Самым адекватным изображением «точки зрения» является рисунок глаза с точкой зрачка. Собственно если «всеединство» мы можем выразить просто «точкой», то всеединство в человеке «точкой в кругу глаза».
«Глаз с точкой» или «круг с точкой» универсальный символ выразить другой аспект всеединства: соответствие части и целого, малого и великого. Собственно человек всегда себя ощущал неким «малым» соединенным с тем «великим», что окружает его, то есть космосом, небом. Причем в своем внутреннем самоощущении эта конструкция претерпевает инверсию, поскольку в восприятии как раз небо становится тем «малым», что умещается в «великой» душе человека. Взгляд человека, устремленного в небеса, точка его зрачка, в котором собирается полнота небес, есть зримое воплощение отсутствие ответа на вечный вопрос, как это вообще может быть? Причем восприятие неба в полноте человеческой душой ставит вопрос именно о двойственности самого взгляда, воспринимающего не только астрономический объект, но и скрытый невидимый духовный мир, также символизируемый небом.

 

2. Русская точка

Вот как про это восприятие неба писал русский певец всеединства А.Ф. Лосев:

«Небо есть, прежде всего, место горнее и достойнейшее. Оно — место умное, а потом уже физическое. Ум есть отнесение себя к себе же, бытие центриро­ванное само на себя, самосозна­ние, и его символ — шар и это не просто геометрический образ, но умно-символическая структура. Прежде всего, надо пом­нить, что все умное в отношении физического есть некий бесконечный предел, к которому физическое, сколько бы ни приближалось, никогда не может приблизиться так, чтобы расстояние между ними равнялось нулю. Умный предмет есть бесконечность, бесконечно большое число. Но пред­ставим себе шар, у которого радиус бесконечно велик. Чем больше радиус, тем изгиб окружности круга делается все меньше и меньше. Когда же радиус круга делается равным бесконечности, то совершенно ясно, что окружность пре­вращается в прямую линию. Поэтому Небо, есть такой шар, который имеет окружностью прямую линию. Далее, прямая линия, продол­женная в бесконечность, разрастается все больше и боль­ше в своей длине; наконец, когда она станет действи­тельно бесконечно большой, она вновь вернется в эту точ­ку, от которой мы ее стали проводить. Другими словами, прямая бесконечная линия есть такая прямая, расстоя­ние между концами которой равно нулю. А это значит, что на Небе прямая линия равна точке. Где центр Неба? Небо — шар. Этот шар имеет беско­нечно большой радиус. К бесконечности нельзя ничего прибавить такого, что сделало бы ее еще больше, ибо она уже охватывает все. Равным образом, ничего нельзя и от­нять от бесконечности, раз она — именно бесконечность. Но это значит, что как бы мы ни укорачивали радиус не­бесного шара, т. е. какую бы точку ни брали на этом ра­диусе, она будет вполне равноценна самому центру. Дру­гими словами, центром Неба является и то, что посредине его, и то, что вообще внутри его и даже любая точка его окружности. Центр небесного свода находится решительно везде, и любую его точку необходимо считать центром» (А. Ф. Лосев, Миф-Число-Сущность. М. 1994 с. 247-249).

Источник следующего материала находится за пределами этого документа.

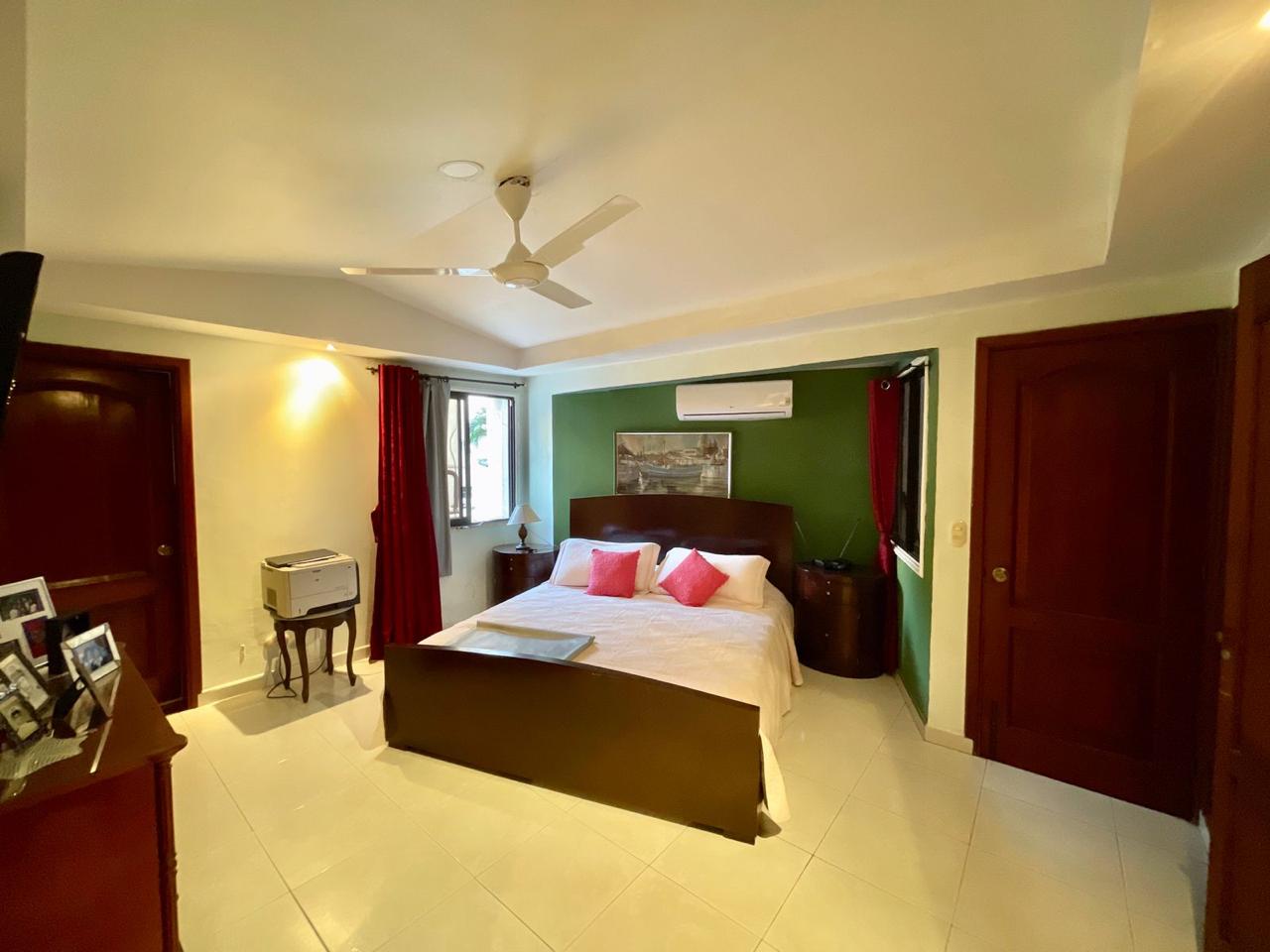 CASA EN VENTA CASTILLOGRANDE - CARTAGENA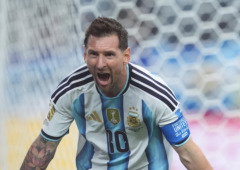 Argentina x Benim: onde ver em Portugal o último jogo de Messi na seleção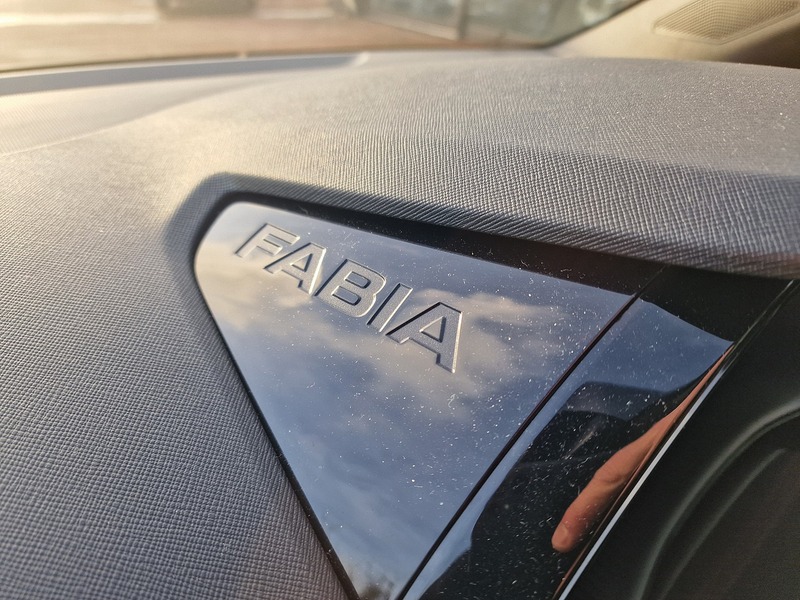 Skoda Fabia TSI Monte Carlo - U3617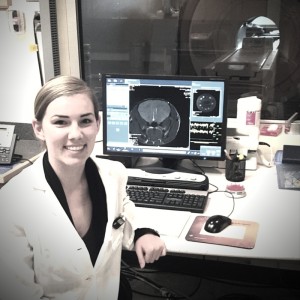 Katie Parkins, chercheuse financée par BCSC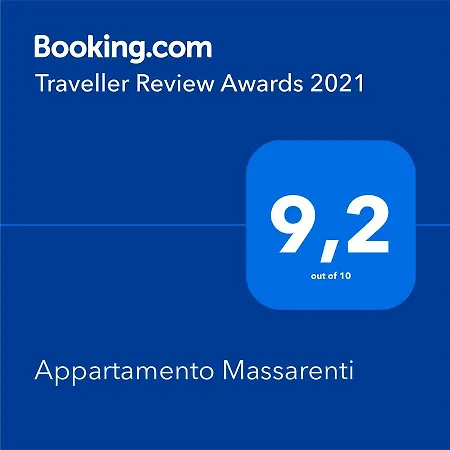 Апартаменты Massarenti
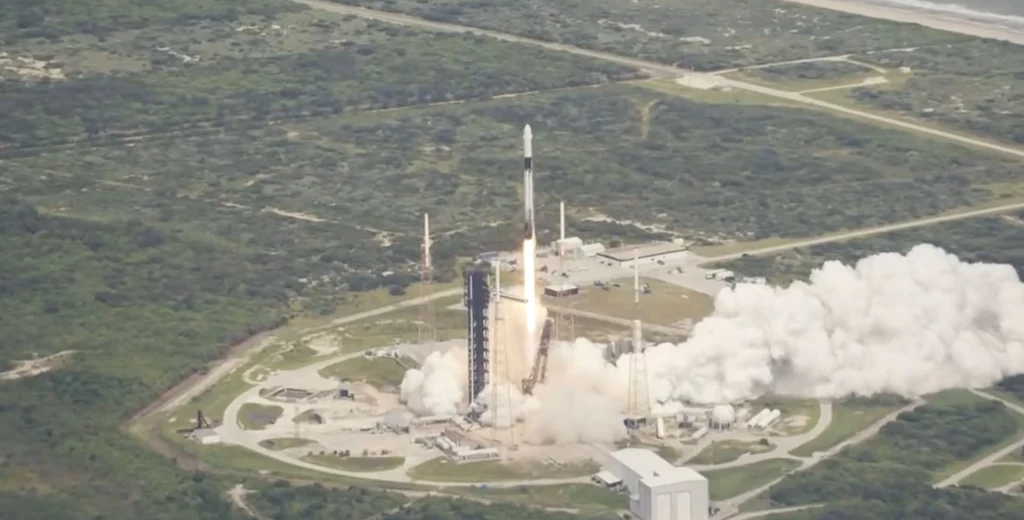 NASA startuje z misją Crew-9. Pozwoli sprowadzić astronautów z ISS.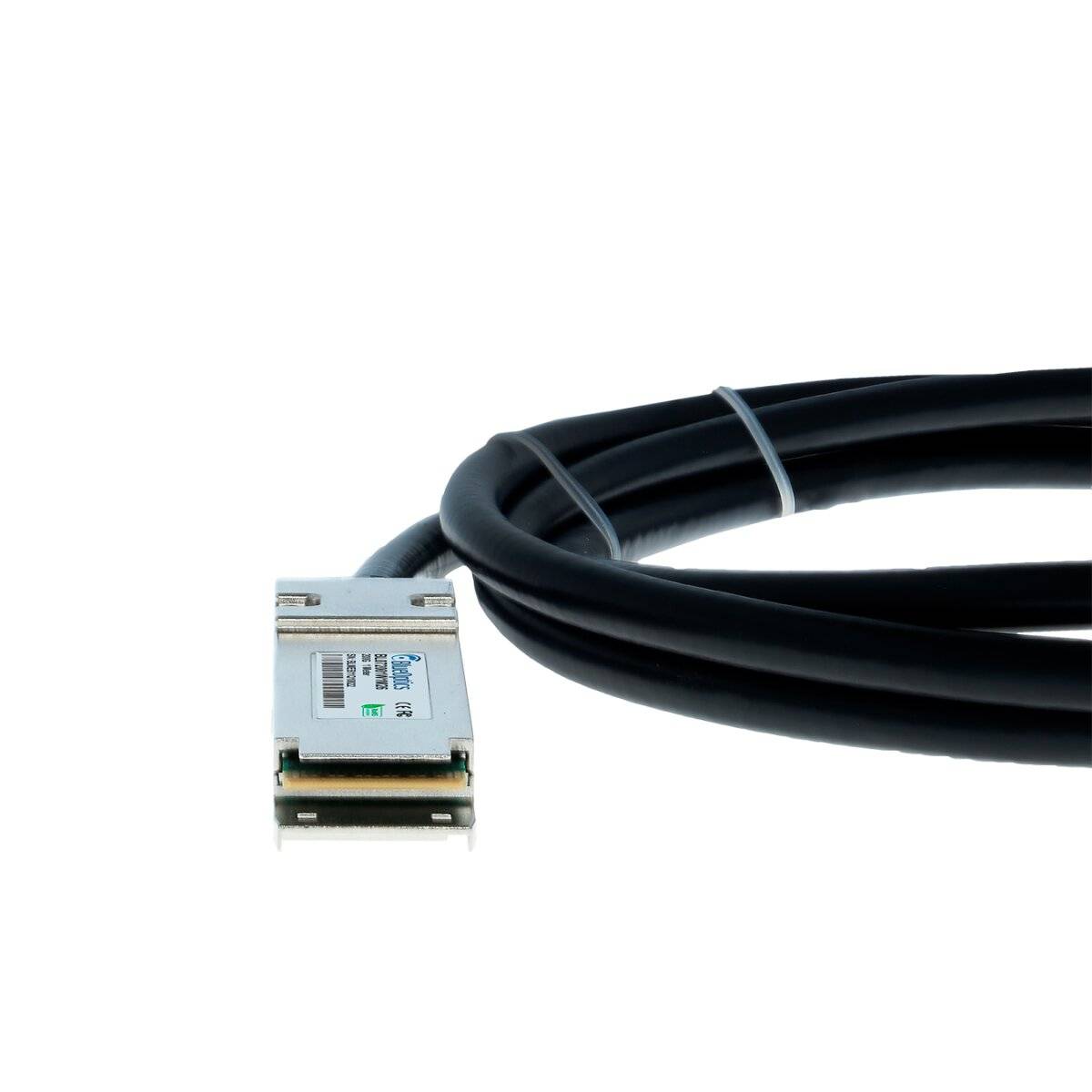 NVIDIA MCP7H50-V002R26 kompatibles BlueLAN QSFP56 DAC BL072001W2M26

Здесь Алексей Федорович как раз показывает, что в человеческом взгляде на небо происходит отождествление шара и точки, так что одно является выражением другого. Более того, каждая точка шара является центром его самого, хотя на самом деле, мы понимаем, что центром неба является точка совпадающая с взглядом наблюдателя.

«Всякая точка бурлит своими смысловыми энергиями, и таит в себе и те целостные структуры, которые из нее излива­ются и которыми она управляет. В ней есть свой не­подвижный центр, но в ней есть также и шар, кото­рый единообразно вокруг нее расположен. Точка есть и выражающая мощь всякого цельного бытия и само это цельное бытие, которое является результатом ее выразительной потенции. Точка — прекрасна» (А. Ф. Лосев, История античной эстетики, т. 7. Кн. 2 М. 2000 с.183-185).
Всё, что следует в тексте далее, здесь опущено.